The National Civic Federation (NCF), was a federation of American businesses and labor leaders founded in 1900 and important down to about 1914. It slowly faded in importance and played a minor role until it closed in 1950. It was a conservative solution to labor violence during the Progressive Era, and was opposed by radical elements such as the socialists and the IWW. The Federation brought together top executives and labor leaders who supported capitalism and wanted to maximize financial advantages for both sides by avoiding unnecessary and costly strikes. It was supported by Samuel Gompers, head of the American Federation of Labor (which was a coalition of many different unions, strongest in industrial cities).
The NCF emerged first in 1893 as the Chicago Civic Federation (CCF), which was also known as the Civic Federation of Chicago. The key leader was Ralph Easley, the CCF’s gregarious head who wanted it to "serve as a medium of sympathy and acquaintance between persons and societies who pursue various and differing vocations and objects, who differ in nationality, creed, and surrounding [and] who are unknown to each other." This federation of civic and reform leaders community took as its primary goal "to focus the new ideals of civic cooperation and social efficiency on the task of renovating Chicago society."
Easley served as chairman of the NCF’s executive council throughout the federation’s forty-five-year history. Early activists included U.S. Treasury Secretary Lyman Gage, the CCF’s two-time president; social worker Jane Addams; industrialist Franklin MacVeagh; and social scientist and civic commissioner Edward Bemis. The federation's first president was the Republican senator from Ohio, Mark Hanna, while its original vice-president was union leader Samuel Gompers. Over the years, the federation's Executive Council included such other notables as Vincent Astor, Jeremiah Jenks, Seth Low, and George W. Perkins.

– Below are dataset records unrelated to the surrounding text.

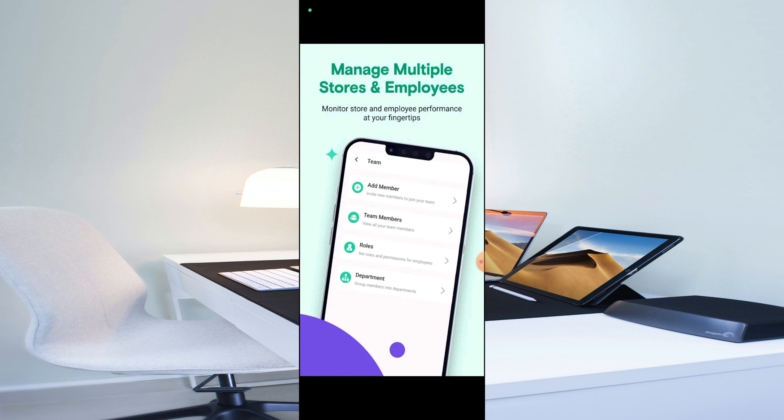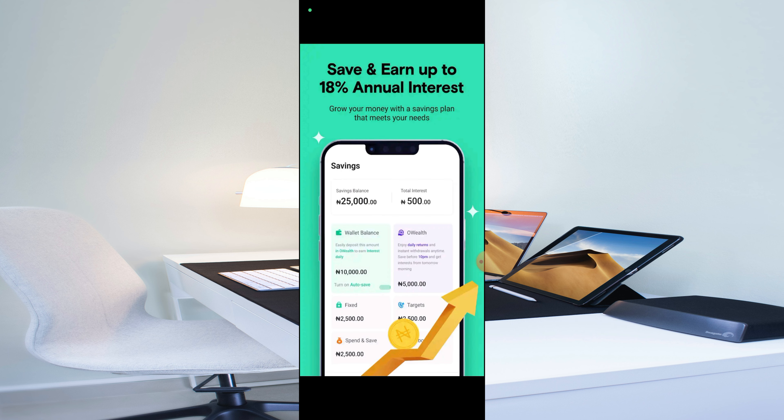You can also save and earn up to 18 percent annual interest on any amount you save on your OPay Business app. You can grow your money with a savings plan that meets your needs. There's also a video about how you can save money on OPay and earn interest for doing just that.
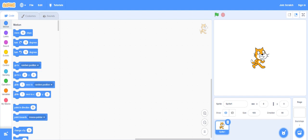Hey guys, I am the creative coder and today I will be showing you how to make a mouse trail. So let's start.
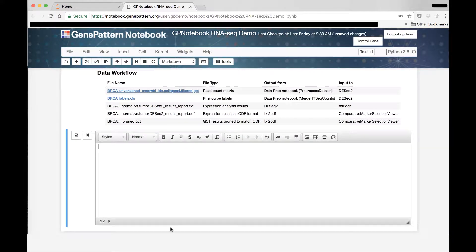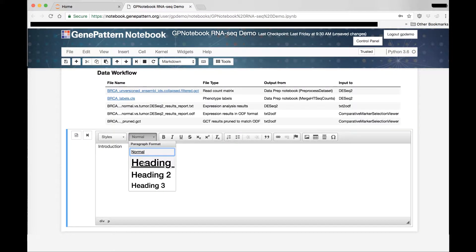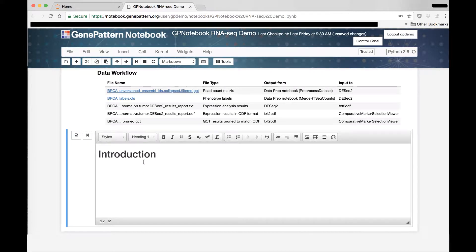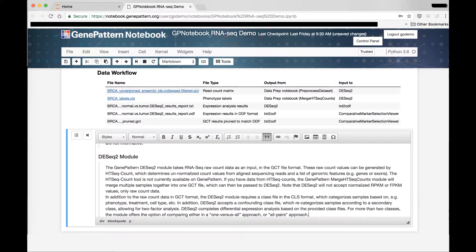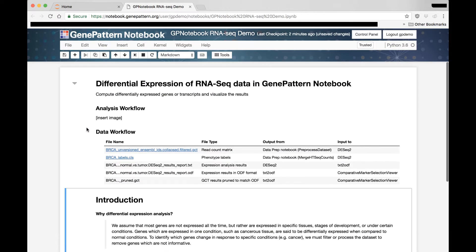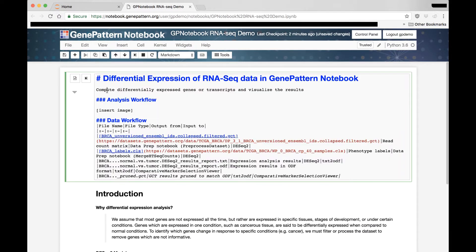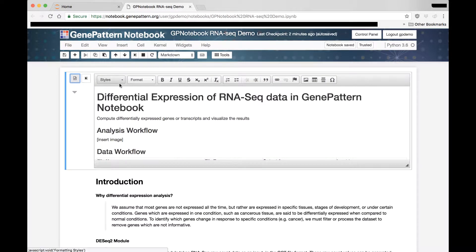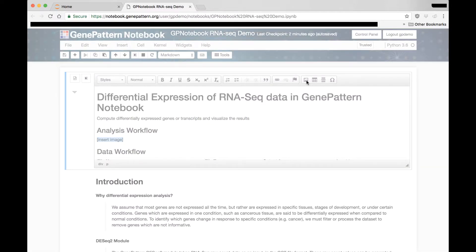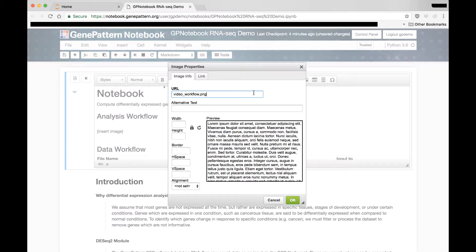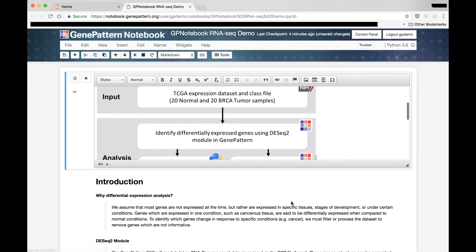Using this editor, we can also add in another title and format that as heading 1, then a description, which we will leave as normal text. Additionally, the Rich Text editor can import local images, like this analysis workflow, and easily format table data.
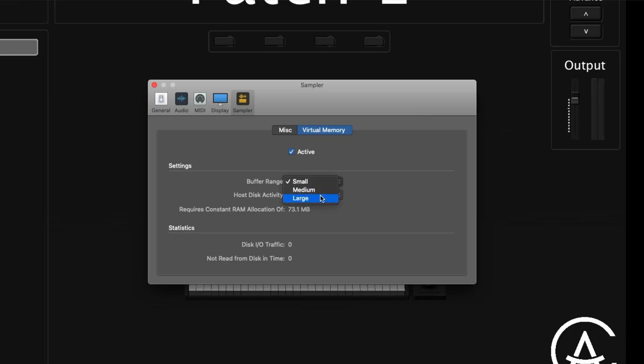Next is the buffer range of your samples — small, medium, or large. Then there's hot disk activity: less, average, or extensive. If your concert is mostly sampler and software instruments, choose less. If your concert is mainly live audio and recording, use extensive. At the bottom are statistics and data about how much RAM you need for your concert and your disk activity. The 'not read in time' statistic is important — if you're experiencing a lot of audio dropouts and that number is high, you may need to adjust your sampler settings to ensure you have enough RAM.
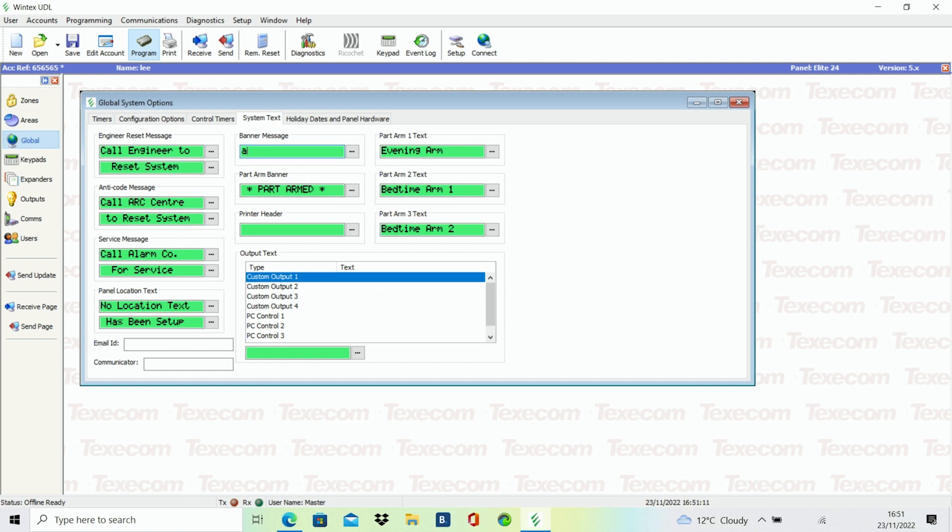Adding system text is also made easier via Wintex, as you can simply type in the text into the relevant boxes.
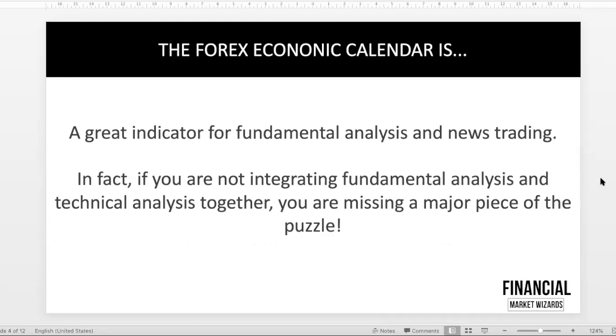Back to the slides. What is the Forex economic calendar? It's a great indicator for fundamental analysis and news trading. In fact, in our course, or if you've been following us for some time, you know that we always integrate fundamental analysis and technical analysis together. There's always this big debate about whether you should use fundamental or technical, and our answer has always been the same—we don't use either or, we use both.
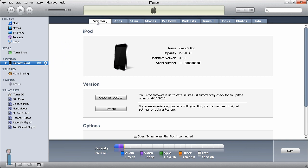I choose the Summary tab, and over here we have a serial number. If I click that once, we now have a UDID, which is the device ID that we need to add.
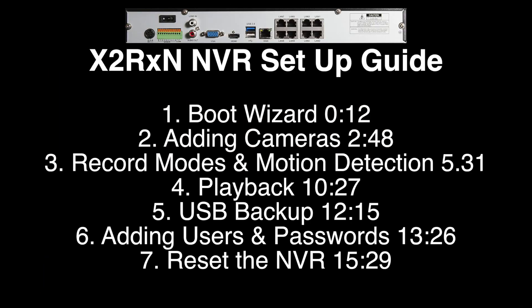Hi, my name is Collie and this is a video setup guide for Xvision's version 2 range of NVRs.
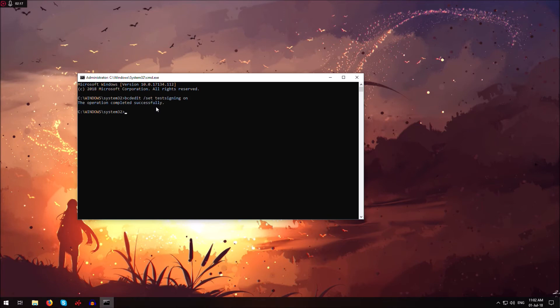Now if at some point you want to re-enable driver signature verification, just type in the same command and instead of on type off and hit enter, then restart and you're good to go.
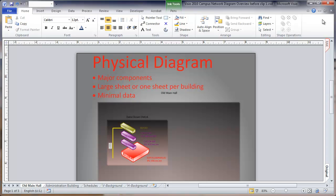That sort of thing. I'm just showing the major components, so it's not a detailed drawing, but basically just major components that have IP addresses or major parts of the data closet.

NCF suffered a significant loss of influence after World War I. The death of Gompers in 1924 largely ended its relationship to the labor movement, and business leaders, too, withdrew their financial backing. Easley focused on anti-communism, and in the 1930s attacked Franklin Delano Roosevelt and the New Deal. Plagued by financial difficulties, hobbled by Easley's inability to work with Democrats and pushed aside by a rising national consensus in favor of liberalism, the NCF closed in 1950.